What needs to be done >>
Drop every picture, then print the rest of the listing exactly as given.

Information provided >>
- - -

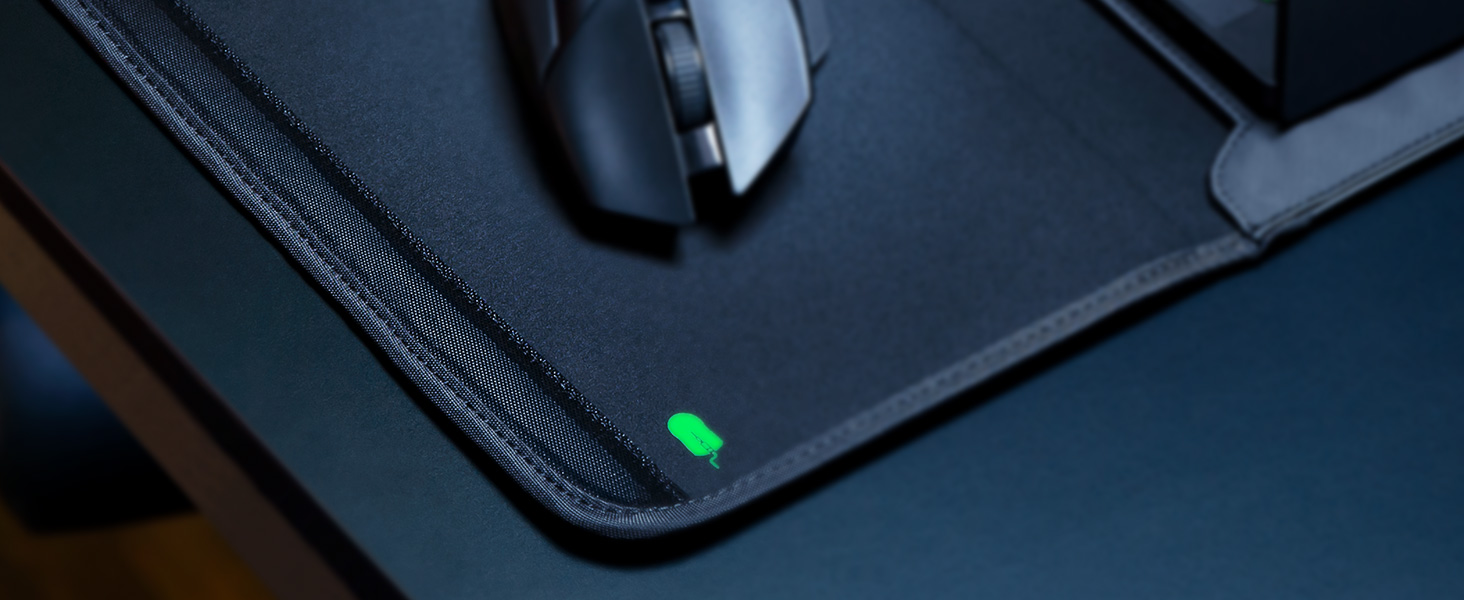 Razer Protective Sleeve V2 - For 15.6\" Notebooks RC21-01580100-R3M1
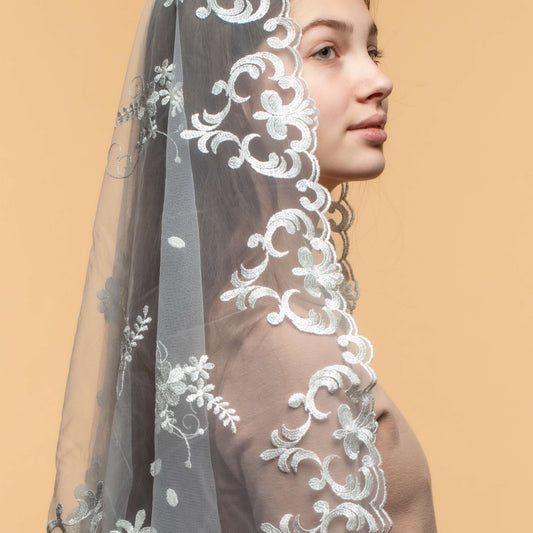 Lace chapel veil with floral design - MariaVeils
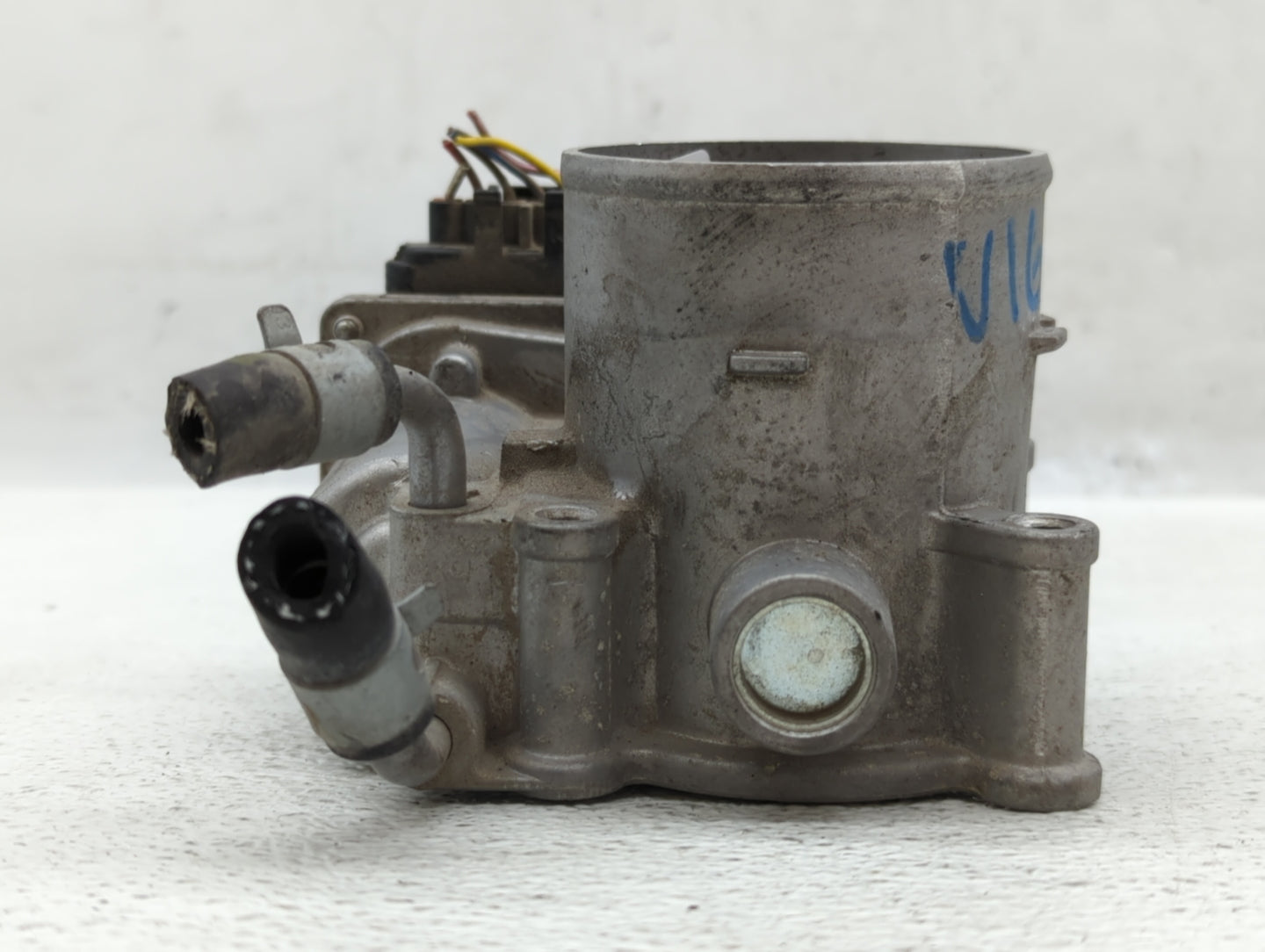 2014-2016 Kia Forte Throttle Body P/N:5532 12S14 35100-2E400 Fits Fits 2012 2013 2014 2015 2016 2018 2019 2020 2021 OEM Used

- - -

Exercise response >>
 Razer Protective Sleeve V2 - For 15.6\" Notebooks RC21-01580100-R3M1
 Lace chapel veil with floral design - MariaVeils
 2014-2016 Kia Forte Throttle Body P/N:5532 12S14 35100-2E400 Fits Fits 2012 2013 2014 2015 2016 2018 2019 2020 2021 OEM Used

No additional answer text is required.